While Clinton was careful to couch her concern in terms of violence and abuse against homosexuals, it was difficult to divorce the Obama-Clinton effort from the administration’s ongoing lobby for the homosexual vote. Two Republican presidential candidates noted the obvious connection, with Texas Governor Rick Perry arguing that Obama’s promotion of “special rights" for gays in foreign countries is not in America’s interests and not worth a dime of taxpayers’ money.

And former U.S. Senator Rick Santorum told reporters in Iowa that the Obama administration was obviously promoting its “particular agenda in this country, and now they feel its their obligation to promote those values not just in the military, not just in our society, but now around the world with taxpayer dollars.” Santorum added that while Obama said he supported traditional marriage, “he’s promoting gay lifestyles and gay rights, and he’s fighting against traditional marriage within the courts…. I think he needs to be honest.”

Of course, the speech played well to the homosexual lobby in America, as activists consider the Clinton-Obama effort as an extension of the push to normalize homosexuality in this nation. “It was an incredibly brave and brilliant speech that makes me proud to be an American,” Huffington Post columnist Michelangelo Signorile quoted one commentator as writing. “Hillary 2016!!”

Dan Savage of the It Gets Better campaign wrote that the “check I was planning to write to Obama’s reelection campaign just acquired another zero.”

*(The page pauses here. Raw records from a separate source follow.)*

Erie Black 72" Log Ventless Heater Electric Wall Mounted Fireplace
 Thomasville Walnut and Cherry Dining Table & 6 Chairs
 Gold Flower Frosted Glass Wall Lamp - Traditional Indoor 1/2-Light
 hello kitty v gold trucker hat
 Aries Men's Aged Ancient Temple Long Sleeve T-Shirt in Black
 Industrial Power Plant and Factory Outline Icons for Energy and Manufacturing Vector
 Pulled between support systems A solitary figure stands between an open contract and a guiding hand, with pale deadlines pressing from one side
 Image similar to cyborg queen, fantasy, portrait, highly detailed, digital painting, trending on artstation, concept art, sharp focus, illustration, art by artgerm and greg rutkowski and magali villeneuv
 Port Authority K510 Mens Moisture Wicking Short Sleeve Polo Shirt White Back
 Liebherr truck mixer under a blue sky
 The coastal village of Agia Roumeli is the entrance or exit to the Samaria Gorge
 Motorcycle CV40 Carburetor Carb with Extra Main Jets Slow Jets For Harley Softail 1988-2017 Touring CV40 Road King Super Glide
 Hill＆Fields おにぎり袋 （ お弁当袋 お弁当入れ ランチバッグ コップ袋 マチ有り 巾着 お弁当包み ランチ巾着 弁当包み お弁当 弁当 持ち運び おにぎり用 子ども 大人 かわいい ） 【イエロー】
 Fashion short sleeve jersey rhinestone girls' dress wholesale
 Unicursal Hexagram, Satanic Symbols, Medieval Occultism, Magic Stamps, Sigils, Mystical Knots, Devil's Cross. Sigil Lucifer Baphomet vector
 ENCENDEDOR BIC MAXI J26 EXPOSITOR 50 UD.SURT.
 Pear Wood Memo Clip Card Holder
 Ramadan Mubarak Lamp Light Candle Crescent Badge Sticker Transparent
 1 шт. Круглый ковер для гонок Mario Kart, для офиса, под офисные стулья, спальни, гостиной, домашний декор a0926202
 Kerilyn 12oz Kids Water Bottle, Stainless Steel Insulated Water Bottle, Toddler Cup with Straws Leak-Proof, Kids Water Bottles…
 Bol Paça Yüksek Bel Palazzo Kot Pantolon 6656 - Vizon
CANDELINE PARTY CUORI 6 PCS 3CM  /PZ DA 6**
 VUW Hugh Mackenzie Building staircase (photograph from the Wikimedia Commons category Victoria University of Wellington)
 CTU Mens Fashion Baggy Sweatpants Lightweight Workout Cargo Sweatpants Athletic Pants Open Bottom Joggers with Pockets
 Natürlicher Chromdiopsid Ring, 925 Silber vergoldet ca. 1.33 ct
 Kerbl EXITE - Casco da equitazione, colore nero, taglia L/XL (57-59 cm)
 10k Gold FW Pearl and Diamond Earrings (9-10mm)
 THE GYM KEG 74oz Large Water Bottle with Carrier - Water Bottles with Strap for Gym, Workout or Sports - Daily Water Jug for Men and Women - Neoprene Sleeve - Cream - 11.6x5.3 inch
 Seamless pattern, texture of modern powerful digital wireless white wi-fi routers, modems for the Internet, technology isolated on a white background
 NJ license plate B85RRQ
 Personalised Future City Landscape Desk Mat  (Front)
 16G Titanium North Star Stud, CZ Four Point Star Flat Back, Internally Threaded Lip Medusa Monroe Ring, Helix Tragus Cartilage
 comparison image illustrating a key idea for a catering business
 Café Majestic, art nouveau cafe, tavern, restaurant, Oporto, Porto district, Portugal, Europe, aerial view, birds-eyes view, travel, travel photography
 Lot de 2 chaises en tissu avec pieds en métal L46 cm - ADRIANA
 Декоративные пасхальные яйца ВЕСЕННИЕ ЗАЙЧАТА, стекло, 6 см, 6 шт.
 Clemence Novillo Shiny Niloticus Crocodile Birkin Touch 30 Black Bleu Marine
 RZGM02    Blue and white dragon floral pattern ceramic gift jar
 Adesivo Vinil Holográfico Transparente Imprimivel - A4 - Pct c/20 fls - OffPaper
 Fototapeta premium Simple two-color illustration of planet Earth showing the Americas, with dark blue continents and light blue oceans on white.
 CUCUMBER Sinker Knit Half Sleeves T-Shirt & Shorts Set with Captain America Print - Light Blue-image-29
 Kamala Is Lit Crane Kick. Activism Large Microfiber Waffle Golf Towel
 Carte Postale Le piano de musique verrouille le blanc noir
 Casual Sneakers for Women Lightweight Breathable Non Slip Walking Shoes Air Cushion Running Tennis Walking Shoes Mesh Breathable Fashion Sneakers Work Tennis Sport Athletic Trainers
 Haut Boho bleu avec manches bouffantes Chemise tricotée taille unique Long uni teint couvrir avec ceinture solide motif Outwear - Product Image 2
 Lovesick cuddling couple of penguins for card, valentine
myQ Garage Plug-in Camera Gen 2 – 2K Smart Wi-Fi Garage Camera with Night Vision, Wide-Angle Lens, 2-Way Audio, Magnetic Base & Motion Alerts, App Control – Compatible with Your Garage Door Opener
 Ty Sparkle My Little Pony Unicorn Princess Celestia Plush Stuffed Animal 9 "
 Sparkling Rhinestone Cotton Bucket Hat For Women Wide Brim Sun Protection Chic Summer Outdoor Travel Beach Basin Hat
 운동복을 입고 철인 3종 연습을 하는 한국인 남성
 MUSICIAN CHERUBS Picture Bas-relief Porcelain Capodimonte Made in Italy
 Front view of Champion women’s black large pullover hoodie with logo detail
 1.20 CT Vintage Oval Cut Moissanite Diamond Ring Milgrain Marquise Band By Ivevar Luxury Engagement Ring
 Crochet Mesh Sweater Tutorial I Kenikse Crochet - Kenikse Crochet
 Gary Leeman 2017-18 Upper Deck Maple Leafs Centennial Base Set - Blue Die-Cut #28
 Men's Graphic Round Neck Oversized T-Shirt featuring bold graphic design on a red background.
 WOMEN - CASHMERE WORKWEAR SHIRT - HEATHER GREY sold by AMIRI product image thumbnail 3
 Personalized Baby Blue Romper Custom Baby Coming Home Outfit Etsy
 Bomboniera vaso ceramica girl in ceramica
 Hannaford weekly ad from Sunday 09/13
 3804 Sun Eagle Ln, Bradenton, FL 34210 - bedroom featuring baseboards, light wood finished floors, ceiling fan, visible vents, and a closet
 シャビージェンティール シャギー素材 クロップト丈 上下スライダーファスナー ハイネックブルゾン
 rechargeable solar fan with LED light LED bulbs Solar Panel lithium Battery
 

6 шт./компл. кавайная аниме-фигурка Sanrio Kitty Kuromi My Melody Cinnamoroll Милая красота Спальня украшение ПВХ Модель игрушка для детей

Richard Socarides of Equality Matters had the audacity to say that Hillary’s speech “would have worked perfectly here in the United States also, as it addressed so much of the right-wing craziness we have here.”

On the other hand, pro-family spokesman Peter LaBarbera, founder of Americans for Truth About Homosexuality, pointed out a bit of unintended irony that revealed itself in Clinton’s speech. “Hillary lauds religious freedom as a basic right,” he told The New American, “even as she promotes homosexual activism. Apparently she is unaware that all across the globe, pro-homosexual laws are being used to oppress Christians.” He added that special “rights” for homosexuals “are simply incompatible with religious liberty — which includes the freedom of conscience to disagree with immoral homosexual behavior.”

Reflecting on the biblical precepts that are the foundation of the Christian faith still practiced by millions of Americans, LaBarbera said that while Obama, Clinton, and the homosexual cabal insist that “being gay” is a human reality, in actuality “sin is a human reality, and that includes people practicing aberrant homosexual and transgender lifestyles.” The good news, he added, “is that people can leave homosexuality and gender confusion behind, as so many have.”